I recall two grocery stores, a Publix, which is an ESOP, and a Winn-Dixie, at the opposite ends of a strip mall, each competing and thriving and selling groceries. I saw the same shoppers go in each store at various times, and I saw workers submit applications at each store, yet one store gave the employees the profits in the form of stock, while the other store sent all profits to Wall Street. Politicians had no real impact on whether the shoppers or employees wanted the profits to stay in the community or be shipped off to distant shareholders. The “capitalist form of wealth distribution” is not a law, like gravity, or even manslaughter or speeding.

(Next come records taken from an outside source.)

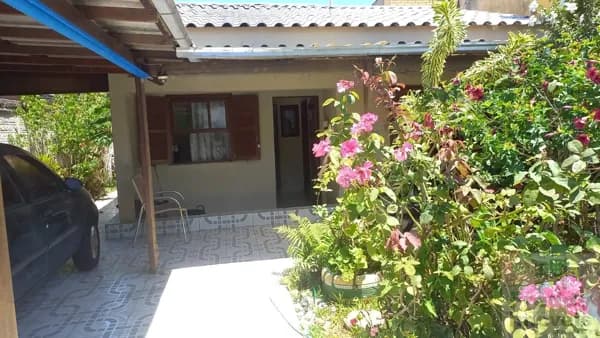 Casa à venda em Laguna, SC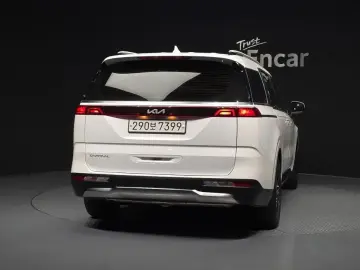 2023 Kia Carnival с пробегом 36 821 км
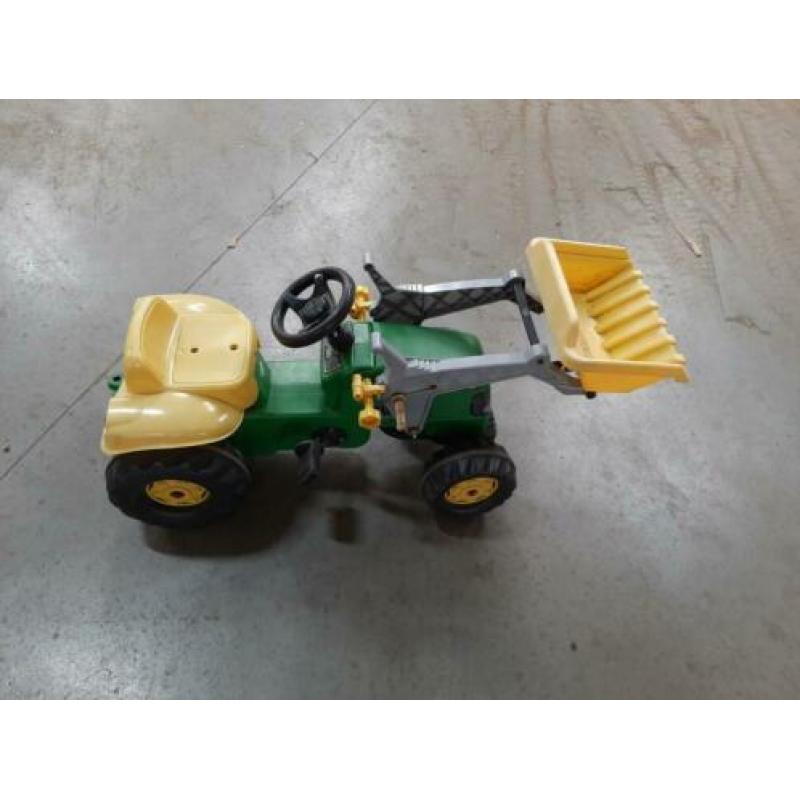 John deere trap tractor
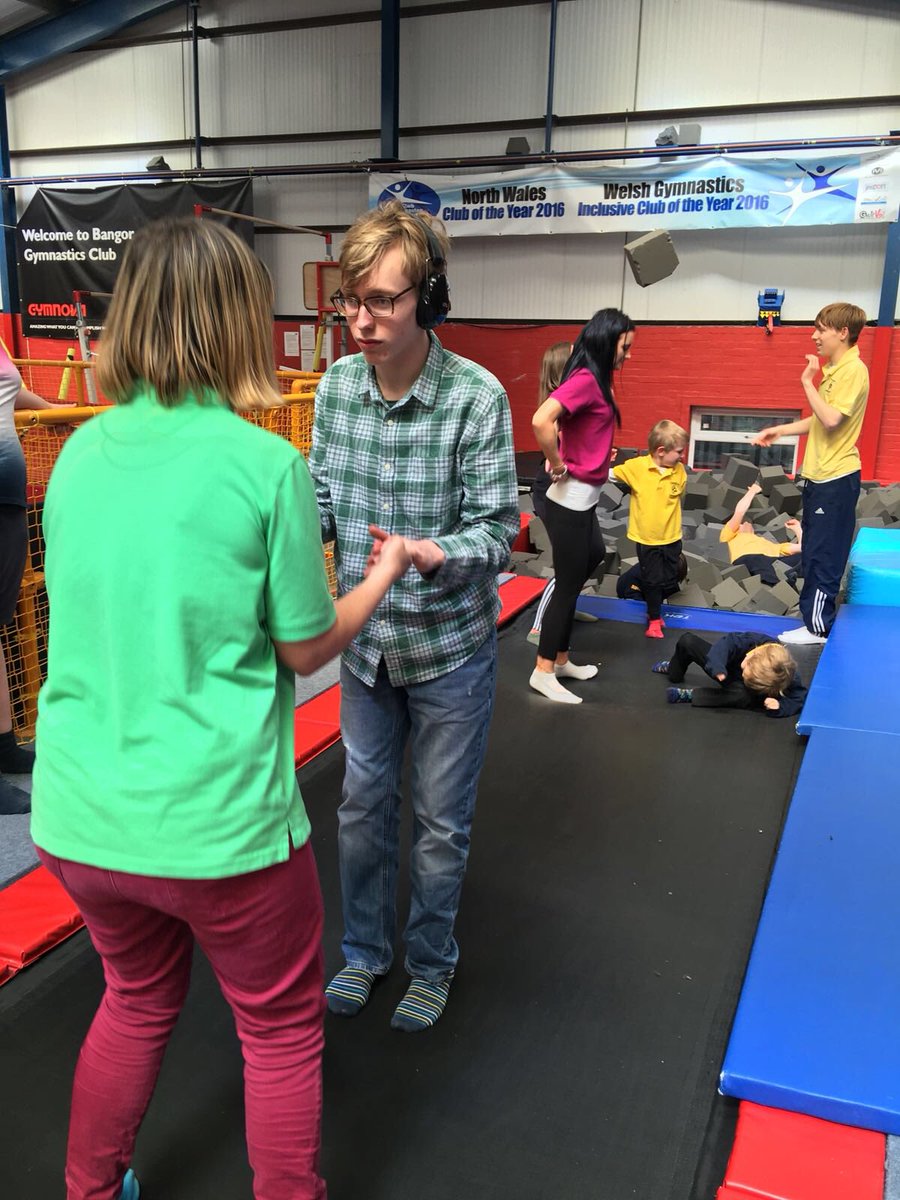 YPendalar's tweet photo. Dosbarth Seiont wedi mwynhau eu sesiwn @ReboundTherapy yn fawr iawn @BangorGym ddoe! https://t.co/VpWSwJ04RH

When workers and shoppers are presented with two options, one owned by workers which therefor retains all profits within the community, and another that ships all profits out of the community, yet the workers and shoppers seem indifferent to which one they support, it is clear that the workers and shoppers, the residents of the community, are indifferent to whether corporations re-invest in the community or bleed it dry. And yes, you protest, many are uninformed and do not realize there is a huge difference between a Publix and a Winn-Dixie, and you would be right. Plus, some are actually under the impression that there is a law of some kind forcing capitalist corporations to send all profits to distant shareholders. But there is no such law. (Though, yes, politicians can make it easier or more difficult to run, or foster, coops or ESOPs, which are both technically corporations existing in the capitalist economic-system. )

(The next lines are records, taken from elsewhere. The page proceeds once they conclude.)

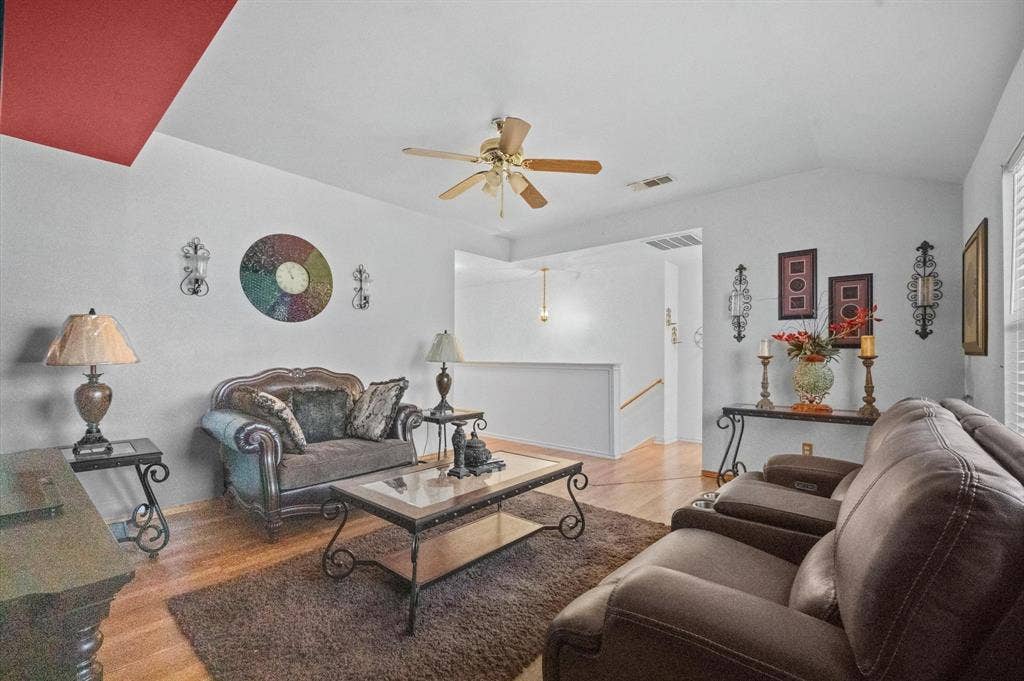 717 Eldorado Drive, DeSoto, TX 75115 717 Eldorado Drive, DeSoto, TX 75115
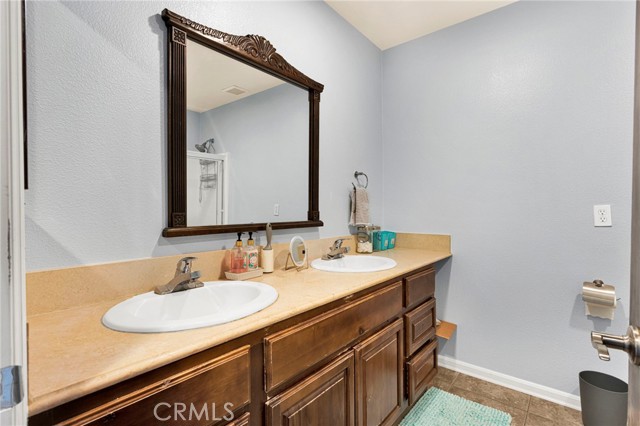 Detail Gallery Image 34 of 45 For 14193 Jicarilla Rd #302,  Apple Valley,  CA 92307 - 3 Beds | 3 Baths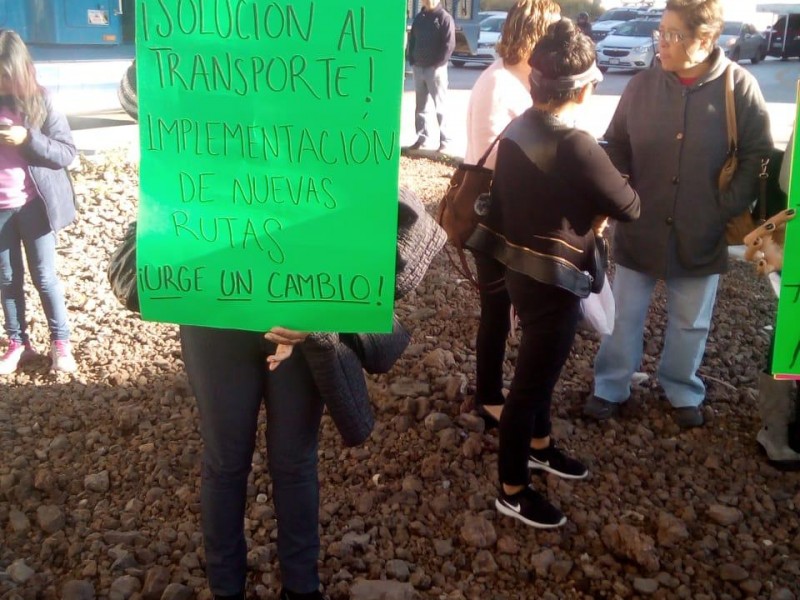 Cierran vialidad vecinos de La Guadalupana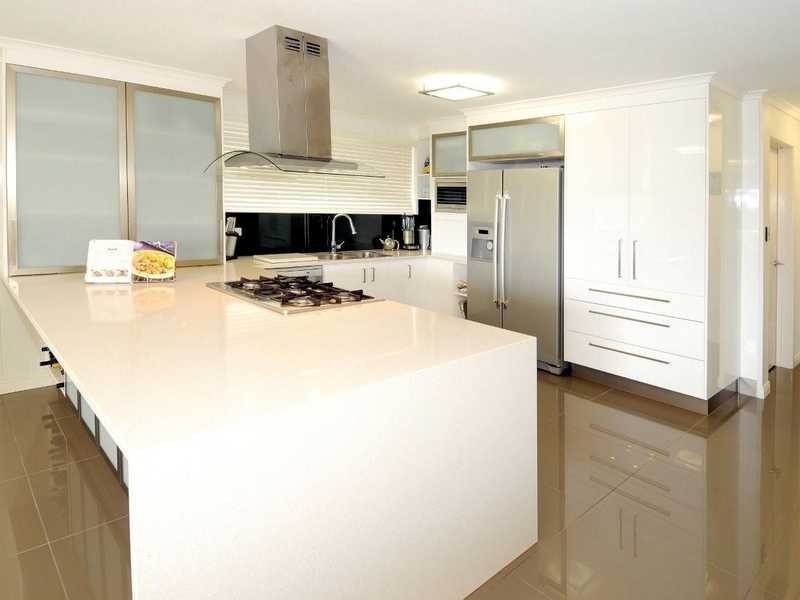 2/33 Yakola Parade, Alexandra Headland QLD 4572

It is clear there is a vulture style “capitalist form of wealth distribution” corporation, and a community sustaining “capitalist form of wealth distribution” corporation, but explaining the differences doesn’t fit on a bumper sticker. Politicians don’t change the economy, or determine which type of corporation to start or work at or shop at. Expecting politicians to change the economy is like disliking a dish at a restaurant, complaining to the waiter, and then expecting the waiter to change the recipe. The consumers must stop ordering the crap and then the cooks will change the recipe. Change comes from changing what we are doing, starting or shopping at or working at a vulture style corporation versus a community sustaining corporation. (In case my points are lost, politics and economics have different words describing them for a reason, and democracy in the workplace is non-existent in most corporations yet thriving at worker cooperative corporations, where workers also have a say in the plastic packaging, and wealth distribution, and many other things that affect humans.)

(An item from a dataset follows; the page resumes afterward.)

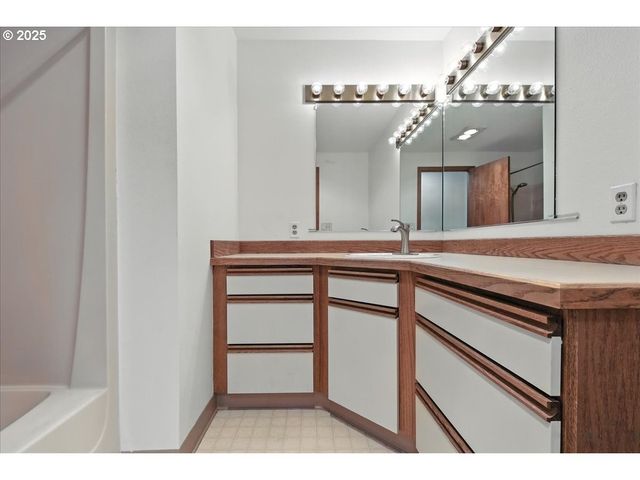 3518 Ne 146TH Ct, Vancouver, WA 98682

I am apparently not very charismatic, so here’s an informative video from somebody with a bit more charisma.
The Story of Solutions:
PS: I recall in undergrad a prof saying the short definition of Pol-Sci was “who gets what and when.” He was obviously referring to taxes. Then I studied accounting, and went on to law school and thought more about how things work and interact, all the while thinking I should have become a psychologist since humans are so emotional and self-absorbed … hmm, the more I learn the less I understand. Politics seems to me like the movie poster outside the theater, not really relevant to [economic] script-writing, just affecting the perceptions of passer-bys. Or, as a friend frequently says, “Politics is theater for ugly people.”